Web and HTML Basics

CSC 105 - The Digital Age - Weinman



Summary:
We review a brief history of the Internet and the world wide web, along with some simple mechanics of basic web pages.

The Internet and the World Wide Web

We use the Internet every day for many common tasks: sending and receiving e-mail, looking up information on a variety of subjects, even making phone calls with programs like Skype. While the Internet and World Wide Web as we know them have developed into a rich, capable infrastructure, the result we have before us now is not that different from what was envisioned nearly seventy years ago.
Let's take a brief tour of some of the major developments

1945 - Vannevar Bush and the Memex

After World War II, an optimistic age was dawning. Vannevar Bush, Director of the U.S. Office of Scientific Research and Development wrote an article called "As We May Think" for the Atlantic Monthly. This was a call for scientists to develop tools to shift their focus from traditional wartime armament developments to those that would enhance mental strength.
Bush proposed something called the "memex," or memory extender. This would be a device for storing everything: books, records, communications, etc. Influenced by the technology of the day, he suggested using microfilm cameras and readers within a desk.
Significantly, one of the hallmarks of his proposal was that this memex would feature trails of linked frames:
This is the essential feature of the memex. The process of tying two items together is the important thing.
When the user is building a trail, he names it, inserts the name in his code book, and taps it out on his keyboard. Before him are the two items to be joined, projected onto adjacent viewing positions. At the bottom of each there are a number of blank code spaces, and a pointer is set to indicate one of these on each item. The user taps a single key, and the items are permanently joined. In each code space appears the code word. Out of view, but also in the code space, is inserted a set of dots for photocell viewing; and on each item these dots by their positions designate the index number of the other item.
Thereafter, at any time, when one of these items is in view, the other can be instantly recalled merely by tapping a button below the corresponding code space. Moreover, when numerous items have been thus joined together to form a trail, they can be reviewed in turn, rapidly or slowly, by deflecting a lever like that used for turning the pages of a book. It is exactly as though the physical items had been gathered together from widely separated sources and bound together to form a new book. It is more than this, for any item can be joined into numerous trails.
  -"As We May Think", Vannevar Bush, Atlantic Monthly, July 1945
Of course, today we see these trails as hyper-linked web pages. Interestingly, Bush also remarks on utility of snapping a picture and looking at it immediately, explicitly imagining a day when image production moves beyond chemical baths.

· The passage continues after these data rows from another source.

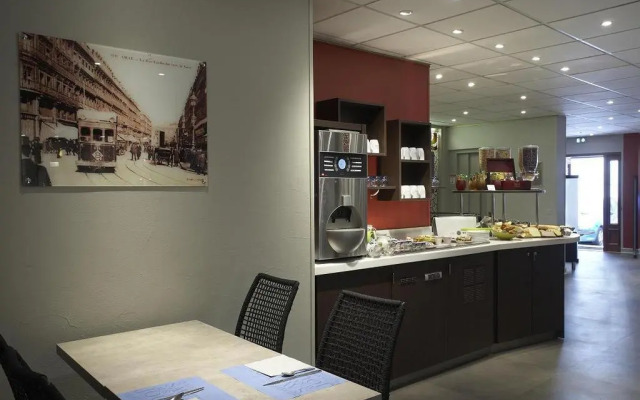 Kyriad Lille Centre Gares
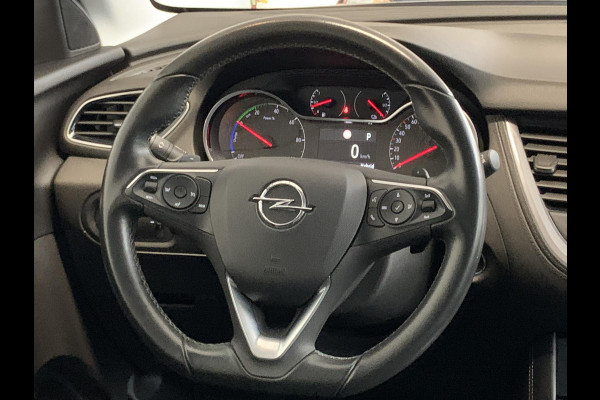 Opel Grandland X 1.6 Turbo Hybrid Elegance | Navigatie | Apple Carplay/Android Auto | 360° camera | Leder | Kofferklep elektrisch | Stoelverwarming/Stoelkoeling |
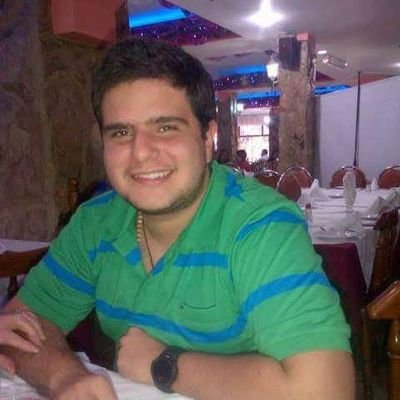 engell96's profile picture. Estudiante de comunicación social en la Universidad Católica Andrés Bello, periodista.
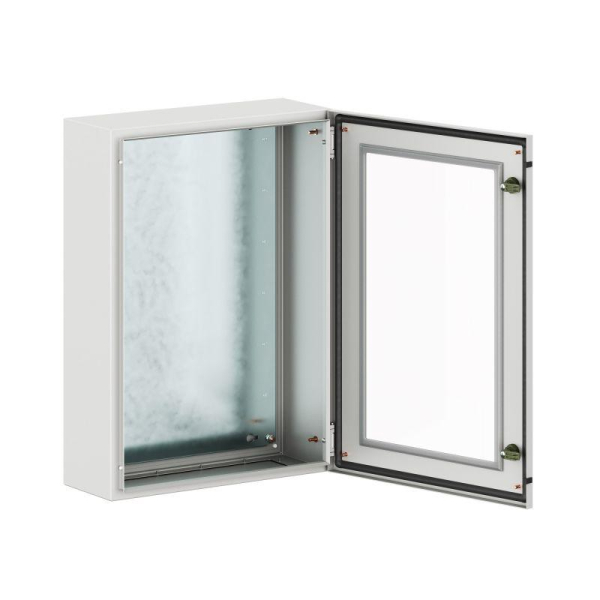 Корпус навесной уличный ST Outdoor с М/П с прозр. дверью 700х500х200мм IP66 DKC R5STX0752-OUTDOOR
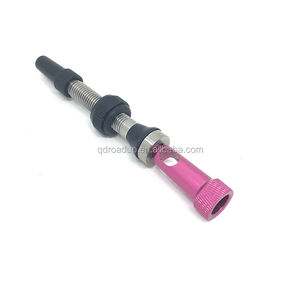 Valves <span class=keywords><strong>Tubeless</strong></span> <span class=keywords><strong>Tubeless</strong></span> Ready pour Vélos <span class=keywords><strong>Tubeless</strong></span> – <span class=keywords><strong>Valve</strong></span> Presta, <span class=keywords><strong>Valve</strong></span> <span class=keywords><strong>Schrader</strong></span>, Technique Anti-Fuite OEM - Product Image 4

1960s - Computer networks imagined and realized

Moving past Bush's vision into reality happened quickly in the 1960s. Here are a few of the lighlights of that decade.

1962 - J. C. R. Licklider and the Intergalactic Computer Network

Early in the decade, MIT professor J. C. R. Licklider first proposed a globally interconnected set of computers through which everyone could quickly access data and programs from any site. Not only did his writing describe most all aspects of our current Internet, it was also the first recorded description of the social interactions that could be enabled through networking.
Not likely a coincidence, two months after writing the proposals Licklider was appointed to head computer research at the U.S. Advanced Research Projects Agency (ARPA).

1966-1969 ARPANET

MIT Lincoln Laboratory researcher Lawrence G Roberts read about Licklider's "Intergalactic Computer Network." Joining Licklider's office as chief scientist in 1966, Roberts and others at ARPA designed something called the ARPANET based on Licklider's proposal. By 1968, the agency put out requests to over 100 contractors to actually build the network based on their design. Because the plan represented such a radical departure from current technology, few contractors even submitted bids, and fewer still were considered reasonable candidates. Coincidentally, Licklider's original company (before he moved to ARPA) was awarded the project.
ARPANET was finally realized in 1969. Two computers-hardly intergalactic-were connected initially and the first network message was sent from UCLA to the Stanford Research Institute in September. Two months later, UCSB and Utah were added. The ARPANET had four nodes.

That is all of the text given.